Starmer came to the Labour Party to liquidate Jeremy Corbyn, who stood for more left-wing policies and was particularly opposed to the sensitive policies of British imperialism. Indeed, after winning the internal leadership election, he largely purged the left-wing tendency within the party that had grown stronger with Corbyn. As part of this process, Corbyn was stigmatised within the party through investigations based on false accusations of anti-Semitism and even expelled from the party. One of the main arguments of the attack on Corbynism during and after this period was that it had gone too far to the left, that this had alienated the masses from the party and made it impossible to win elections. However, with the “corrections” made to the right, the party received even fewer votes than under Corbyn. Moreover, Corbyn won the election in the region where he stood as an independent candidate.

Starmer will now play his part as the new face of British capitalism in crisis and the offensive policies of imperialism. Although there is a discourse that some improvements will be made, there should be no doubt that this means deceiving and distracting the working class.

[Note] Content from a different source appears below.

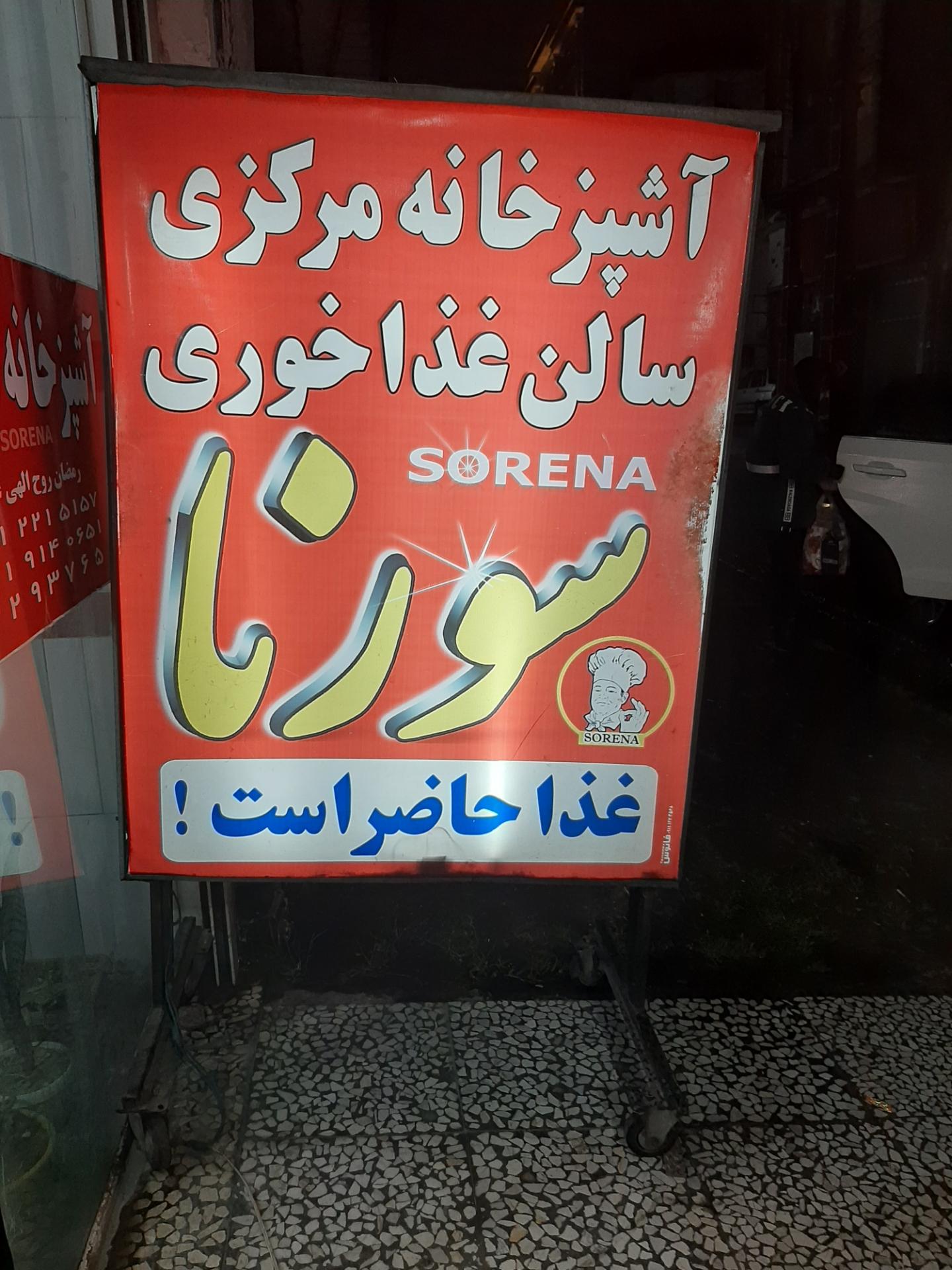 رستوران ناهارخوران
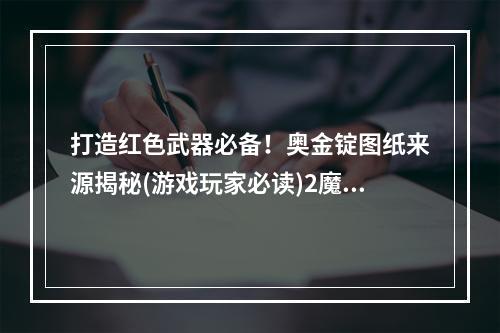 打造红色武器必备！奥金锭图纸来源揭秘(游戏玩家必读)2魔兽世界经典怀旧服必知如何获得奥金锭图纸(魔兽世界经典怀旧服必知如何获得奥金锭图纸)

The working class will be subjected to new attacks by Starmer as a continuation of the previous attacks. Rachel Reeves, the new Chancellor of the Exchequer, who previously worked as an economist at the Bank of England, declared in a statement that all spending would be linked to growth. Given the general crisis of world capitalism and the relative deterioration of British capitalism among the advanced capitalist countries, this means that there will be no tangible increase in public spending, i.e. no improvement in the living conditions of the working class. Another way of putting the linking of social spending to growth is that the new government will make no effort to change the distribution of income in favour of the working class. The same minister also said that the fiscal rules followed by the outgoing Conservative government must be adhered to. It was precisely these rules that were part of the attacks on the working class that buried that government at the ballot box. “I will put my energy and political capital into growing the economy”, says the fresh minister, “and some of that will mean tough choices, difficult decisions and angering some people”. The message is clear enough: the attacks on the working class will continue!

The working class has already shown the will to resist against the attacks it suffers and has been fighting for some time, although only partially. There are even big protests against the Zionist policy of massacres in the Middle East and the British imperialism that supports this policy. Similarly, the working class in France is raising the banner of struggle on different occasions. The anti-fascist protests and actions on the occasion of the last elections are another manifestation of this. As we mentioned in the beginning, the order has lost its ability to make improvements and reforms in favour of the working class. The multifaceted attacks continue with even more aggravation and the working class has no other way but to fight.